▶ [Exercise goal]: The full data must be written out exactly, with every line included.

▶ [Data extracts]:
----------------------------------------

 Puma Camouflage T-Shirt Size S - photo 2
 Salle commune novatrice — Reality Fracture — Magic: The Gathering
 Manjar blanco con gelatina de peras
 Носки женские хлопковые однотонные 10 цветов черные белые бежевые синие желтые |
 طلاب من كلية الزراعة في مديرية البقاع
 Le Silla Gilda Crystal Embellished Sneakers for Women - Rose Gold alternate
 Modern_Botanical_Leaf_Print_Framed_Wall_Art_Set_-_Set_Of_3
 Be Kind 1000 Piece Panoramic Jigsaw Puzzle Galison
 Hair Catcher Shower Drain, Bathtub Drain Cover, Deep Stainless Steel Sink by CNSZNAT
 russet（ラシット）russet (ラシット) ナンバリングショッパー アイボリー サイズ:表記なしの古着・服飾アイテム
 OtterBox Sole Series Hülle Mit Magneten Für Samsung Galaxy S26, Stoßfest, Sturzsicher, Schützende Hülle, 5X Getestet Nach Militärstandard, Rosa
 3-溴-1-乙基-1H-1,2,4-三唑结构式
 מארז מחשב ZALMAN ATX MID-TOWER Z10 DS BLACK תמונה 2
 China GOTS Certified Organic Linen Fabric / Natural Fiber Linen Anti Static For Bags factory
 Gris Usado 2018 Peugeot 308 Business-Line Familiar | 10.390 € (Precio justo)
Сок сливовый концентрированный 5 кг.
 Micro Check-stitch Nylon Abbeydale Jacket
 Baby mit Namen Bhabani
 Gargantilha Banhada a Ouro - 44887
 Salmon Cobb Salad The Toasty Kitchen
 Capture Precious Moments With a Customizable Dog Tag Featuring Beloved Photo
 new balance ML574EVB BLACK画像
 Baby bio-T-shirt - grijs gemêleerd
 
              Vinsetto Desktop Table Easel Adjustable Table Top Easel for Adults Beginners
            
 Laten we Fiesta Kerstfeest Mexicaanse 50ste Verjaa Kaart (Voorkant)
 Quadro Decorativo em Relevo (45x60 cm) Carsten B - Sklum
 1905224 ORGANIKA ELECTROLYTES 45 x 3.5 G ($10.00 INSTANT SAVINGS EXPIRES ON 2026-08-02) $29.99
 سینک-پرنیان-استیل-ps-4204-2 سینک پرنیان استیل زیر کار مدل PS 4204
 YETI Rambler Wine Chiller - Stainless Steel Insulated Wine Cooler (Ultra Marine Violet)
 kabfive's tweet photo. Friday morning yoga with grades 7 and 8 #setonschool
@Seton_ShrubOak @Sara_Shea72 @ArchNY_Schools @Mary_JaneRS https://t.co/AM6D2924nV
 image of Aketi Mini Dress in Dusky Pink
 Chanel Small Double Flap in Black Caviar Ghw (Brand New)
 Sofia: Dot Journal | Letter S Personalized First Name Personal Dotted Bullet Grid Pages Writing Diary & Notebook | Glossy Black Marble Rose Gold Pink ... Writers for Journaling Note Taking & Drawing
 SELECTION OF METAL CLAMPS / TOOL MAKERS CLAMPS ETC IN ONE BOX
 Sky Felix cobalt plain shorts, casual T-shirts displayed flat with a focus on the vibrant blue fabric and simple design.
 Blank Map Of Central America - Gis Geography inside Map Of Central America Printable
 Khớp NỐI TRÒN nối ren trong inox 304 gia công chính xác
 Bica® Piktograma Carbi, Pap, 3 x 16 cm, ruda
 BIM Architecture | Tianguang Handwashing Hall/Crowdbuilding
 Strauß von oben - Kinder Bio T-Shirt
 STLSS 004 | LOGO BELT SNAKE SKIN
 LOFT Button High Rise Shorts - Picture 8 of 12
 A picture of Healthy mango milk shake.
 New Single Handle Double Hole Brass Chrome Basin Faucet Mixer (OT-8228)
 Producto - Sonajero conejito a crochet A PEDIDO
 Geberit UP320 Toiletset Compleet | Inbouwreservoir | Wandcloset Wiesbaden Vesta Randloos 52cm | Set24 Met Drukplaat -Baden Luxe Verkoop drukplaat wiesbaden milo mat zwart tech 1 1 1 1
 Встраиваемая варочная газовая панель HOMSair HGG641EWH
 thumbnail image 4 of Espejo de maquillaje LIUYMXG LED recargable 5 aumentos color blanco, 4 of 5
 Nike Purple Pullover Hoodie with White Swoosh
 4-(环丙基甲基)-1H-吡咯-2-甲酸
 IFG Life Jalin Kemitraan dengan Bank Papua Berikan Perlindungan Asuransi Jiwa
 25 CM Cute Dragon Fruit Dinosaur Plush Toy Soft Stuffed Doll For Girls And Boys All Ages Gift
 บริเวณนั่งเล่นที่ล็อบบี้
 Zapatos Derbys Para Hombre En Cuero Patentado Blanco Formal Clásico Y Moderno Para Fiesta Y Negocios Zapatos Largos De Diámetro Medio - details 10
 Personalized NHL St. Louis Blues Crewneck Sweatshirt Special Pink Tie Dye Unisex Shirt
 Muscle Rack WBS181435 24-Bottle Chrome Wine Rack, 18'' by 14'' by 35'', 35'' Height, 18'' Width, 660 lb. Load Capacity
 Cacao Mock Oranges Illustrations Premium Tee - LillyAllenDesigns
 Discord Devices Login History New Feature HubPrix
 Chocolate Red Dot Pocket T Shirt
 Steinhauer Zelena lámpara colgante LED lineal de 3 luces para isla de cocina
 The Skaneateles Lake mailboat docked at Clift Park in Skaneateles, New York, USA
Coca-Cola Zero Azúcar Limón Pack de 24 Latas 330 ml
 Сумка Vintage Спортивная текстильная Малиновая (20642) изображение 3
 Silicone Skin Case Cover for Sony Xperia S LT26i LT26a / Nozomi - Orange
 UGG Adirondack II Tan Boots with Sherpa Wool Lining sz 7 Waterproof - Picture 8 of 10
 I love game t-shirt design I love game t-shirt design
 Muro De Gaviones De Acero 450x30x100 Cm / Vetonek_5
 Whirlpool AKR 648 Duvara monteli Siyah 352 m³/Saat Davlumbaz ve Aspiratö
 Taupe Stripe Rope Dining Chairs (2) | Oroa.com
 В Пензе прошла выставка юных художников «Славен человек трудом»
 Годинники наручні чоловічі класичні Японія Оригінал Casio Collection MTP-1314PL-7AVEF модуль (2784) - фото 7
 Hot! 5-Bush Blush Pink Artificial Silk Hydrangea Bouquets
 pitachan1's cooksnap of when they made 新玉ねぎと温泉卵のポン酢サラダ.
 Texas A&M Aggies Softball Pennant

----------------------------------------

▶ [Response below]:
 Puma Camouflage T-Shirt Size S - photo 2
 Salle commune novatrice — Reality Fracture — Magic: The Gathering
 Manjar blanco con gelatina de peras
 Носки женские хлопковые однотонные 10 цветов черные белые бежевые синие желтые |
 طلاب من كلية الزراعة في مديرية البقاع
 Le Silla Gilda Crystal Embellished Sneakers for Women - Rose Gold alternate
 Modern_Botanical_Leaf_Print_Framed_Wall_Art_Set_-_Set_Of_3
 Be Kind 1000 Piece Panoramic Jigsaw Puzzle Galison
 Hair Catcher Shower Drain, Bathtub Drain Cover, Deep Stainless Steel Sink by CNSZNAT
 russet（ラシット）russet (ラシット) ナンバリングショッパー アイボリー サイズ:表記なしの古着・服飾アイテム
 OtterBox Sole Series Hülle Mit Magneten Für Samsung Galaxy S26, Stoßfest, Sturzsicher, Schützende Hülle, 5X Getestet Nach Militärstandard, Rosa
 3-溴-1-乙基-1H-1,2,4-三唑结构式
 מארז מחשב ZALMAN ATX MID-TOWER Z10 DS BLACK תמונה 2
 China GOTS Certified Organic Linen Fabric / Natural Fiber Linen Anti Static For Bags factory
 Gris Usado 2018 Peugeot 308 Business-Line Familiar | 10.390 € (Precio justo)
Сок сливовый концентрированный 5 кг.
 Micro Check-stitch Nylon Abbeydale Jacket
 Baby mit Namen Bhabani
 Gargantilha Banhada a Ouro - 44887
 Salmon Cobb Salad The Toasty Kitchen
 Capture Precious Moments With a Customizable Dog Tag Featuring Beloved Photo
 new balance ML574EVB BLACK画像
 Baby bio-T-shirt - grijs gemêleerd
 
              Vinsetto Desktop Table Easel Adjustable Table Top Easel for Adults Beginners
            
 Laten we Fiesta Kerstfeest Mexicaanse 50ste Verjaa Kaart (Voorkant)
 Quadro Decorativo em Relevo (45x60 cm) Carsten B - Sklum
 1905224 ORGANIKA ELECTROLYTES 45 x 3.5 G ($10.00 INSTANT SAVINGS EXPIRES ON 2026-08-02) $29.99
 سینک-پرنیان-استیل-ps-4204-2 سینک پرنیان استیل زیر کار مدل PS 4204
 YETI Rambler Wine Chiller - Stainless Steel Insulated Wine Cooler (Ultra Marine Violet)
 kabfive's tweet photo. Friday morning yoga with grades 7 and 8 #setonschool
@Seton_ShrubOak @Sara_Shea72 @ArchNY_Schools @Mary_JaneRS https://t.co/AM6D2924nV
 image of Aketi Mini Dress in Dusky Pink
 Chanel Small Double Flap in Black Caviar Ghw (Brand New)
 Sofia: Dot Journal | Letter S Personalized First Name Personal Dotted Bullet Grid Pages Writing Diary & Notebook | Glossy Black Marble Rose Gold Pink ... Writers for Journaling Note Taking & Drawing
 SELECTION OF METAL CLAMPS / TOOL MAKERS CLAMPS ETC IN ONE BOX
 Sky Felix cobalt plain shorts, casual T-shirts displayed flat with a focus on the vibrant blue fabric and simple design.
 Blank Map Of Central America - Gis Geography inside Map Of Central America Printable
 Khớp NỐI TRÒN nối ren trong inox 304 gia công chính xác
 Bica® Piktograma Carbi, Pap, 3 x 16 cm, ruda
 BIM Architecture | Tianguang Handwashing Hall/Crowdbuilding
 Strauß von oben - Kinder Bio T-Shirt
 STLSS 004 | LOGO BELT SNAKE SKIN
 LOFT Button High Rise Shorts - Picture 8 of 12
 A picture of Healthy mango milk shake.
 New Single Handle Double Hole Brass Chrome Basin Faucet Mixer (OT-8228)
 Producto - Sonajero conejito a crochet A PEDIDO
 Geberit UP320 Toiletset Compleet | Inbouwreservoir | Wandcloset Wiesbaden Vesta Randloos 52cm | Set24 Met Drukplaat -Baden Luxe Verkoop drukplaat wiesbaden milo mat zwart tech 1 1 1 1
 Встраиваемая варочная газовая панель HOMSair HGG641EWH
 thumbnail image 4 of Espejo de maquillaje LIUYMXG LED recargable 5 aumentos color blanco, 4 of 5
 Nike Purple Pullover Hoodie with White Swoosh
 4-(环丙基甲基)-1H-吡咯-2-甲酸
 IFG Life Jalin Kemitraan dengan Bank Papua Berikan Perlindungan Asuransi Jiwa
 25 CM Cute Dragon Fruit Dinosaur Plush Toy Soft Stuffed Doll For Girls And Boys All Ages Gift
 บริเวณนั่งเล่นที่ล็อบบี้
 Zapatos Derbys Para Hombre En Cuero Patentado Blanco Formal Clásico Y Moderno Para Fiesta Y Negocios Zapatos Largos De Diámetro Medio - details 10
 Personalized NHL St. Louis Blues Crewneck Sweatshirt Special Pink Tie Dye Unisex Shirt
 Muscle Rack WBS181435 24-Bottle Chrome Wine Rack, 18'' by 14'' by 35'', 35'' Height, 18'' Width, 660 lb. Load Capacity
 Cacao Mock Oranges Illustrations Premium Tee - LillyAllenDesigns
 Discord Devices Login History New Feature HubPrix
 Chocolate Red Dot Pocket T Shirt
 Steinhauer Zelena lámpara colgante LED lineal de 3 luces para isla de cocina
 The Skaneateles Lake mailboat docked at Clift Park in Skaneateles, New York, USA
Coca-Cola Zero Azúcar Limón Pack de 24 Latas 330 ml
 Сумка Vintage Спортивная текстильная Малиновая (20642) изображение 3
 Silicone Skin Case Cover for Sony Xperia S LT26i LT26a / Nozomi - Orange
 UGG Adirondack II Tan Boots with Sherpa Wool Lining sz 7 Waterproof - Picture 8 of 10
 I love game t-shirt design I love game t-shirt design
 Muro De Gaviones De Acero 450x30x100 Cm / Vetonek_5
 Whirlpool AKR 648 Duvara monteli Siyah 352 m³/Saat Davlumbaz ve Aspiratö
 Taupe Stripe Rope Dining Chairs (2) | Oroa.com
 В Пензе прошла выставка юных художников «Славен человек трудом»
 Годинники наручні чоловічі класичні Японія Оригінал Casio Collection MTP-1314PL-7AVEF модуль (2784) - фото 7
 Hot! 5-Bush Blush Pink Artificial Silk Hydrangea Bouquets
 pitachan1's cooksnap of when they made 新玉ねぎと温泉卵のポン酢サラダ.
 Texas A&M Aggies Softball Pennant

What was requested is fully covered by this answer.